Ia mengaku, anaknya dididik dengan melihat contoh nyata tentang budaya antri, teratur, ketika ke toliet di rumah maupun di tempat umum tidak meninggalkan/keluar dari toilet kecuali dalam keadaan seperti semula. Tidak meninggalkan jejak yang menjadikan orang lain masuk berikutnya menjadi ‘jijik’. “Jadikan seakan dirimu yang akan masuk berikutnya. Keluarlah seperti ketika kamu saat masuk”. Prinsip tanggung jawab melekat sebagai karakter.

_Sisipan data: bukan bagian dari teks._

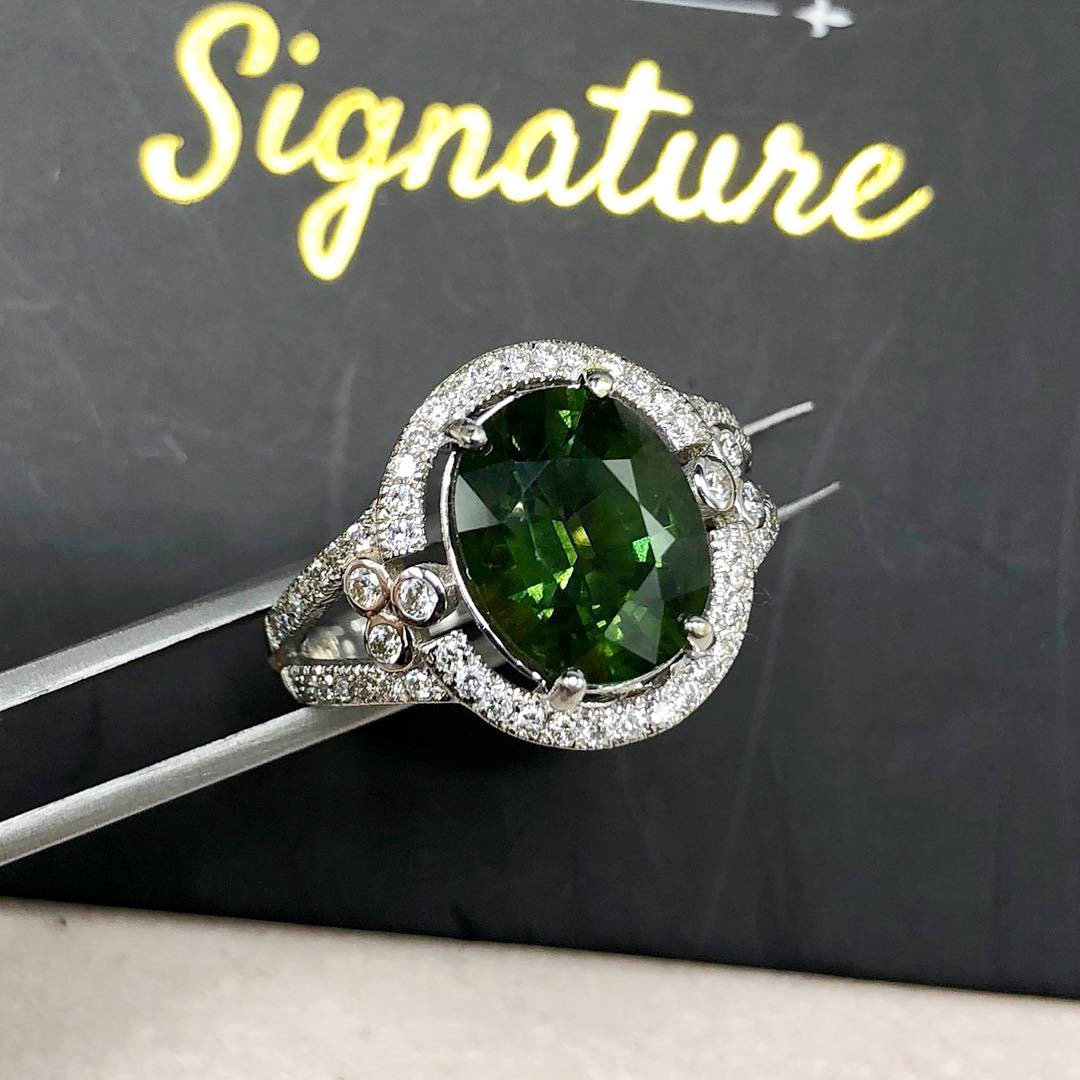 GENUINE 5.10TCW Green Sapphire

Ironinya ketika berlibur ke Jakarta, ketika sang anak diajak ke pusat perbelanjaan dan permainan disana anaknya yang berparas melayu, sama seperti kebanyakan anak-anak yang ada disana menjadi ‘terkucil’.
Ketika dia harus antre, anak-anak yang lain menyerobot. Parahnya para orang tua saling mengarahkan/mengajari buah hatinya untuk mencari jalan pintas. Pun demikian ketika pergi ke toilet. Tanpa merasa bersalah, anak-anak mengandalkan orang tua/orang lain untuk membersihkan bekas kotoran.
Rasa sayang yang salah, tapi dianggap kaprah kepada anak atau anak didik, murid, anak buah, anggota dengan memanfaatkan atau mencari privilege dengan berbagai cara ini menjadikan nilai-nilai dan prinsip kemanusiaan menjadi hilang. Inilah yang dialami bangsa kita selama sekian dekade.
Menurut teman penulis tadi, di Jepang, kemampuan kognitif berupa matematika, bahasa, dan lain sebagainya tidak menjadi prioritas pada anak usia dini. ‘Biarkan anak-anak akan tahu tentang pelajaran itu pada masanya nanti’. Namun pembentukan karakter tentang hakikat kemanusiaan, kejujuran, tanggung jawab, nasionalisme justru dibangun sejak masih bayi. Itulah sebabnya bangsa Jepang menjadi hebat, dari dulu hingga saat ini. Kalaupun terjadi pergeseran, prinsip dasarnya tetap tertanam di dalam sanubari bangsa Jepang, dimanapun dia hidup.
Berbeda dengan bangsa kita, orang tua begitu bangganya ketika usia 7 tahun sudah bisa berhitung, lancar berbahasa asing, bisa membuat vlog, dan lain sebagainya. Namun, dalam keadaan sehari-hari orang tuanya seakan membiarkan dia melihat, menyaksikan, bahkan disuruh oleh orang tua, keluarga, guru, bahkan oleh pimpinan tertinggi untuk meninggalkan prinsip-prinsip yang sebenarnya sudah dibangun oleh pendiri bangsa kita bernama Pancasila.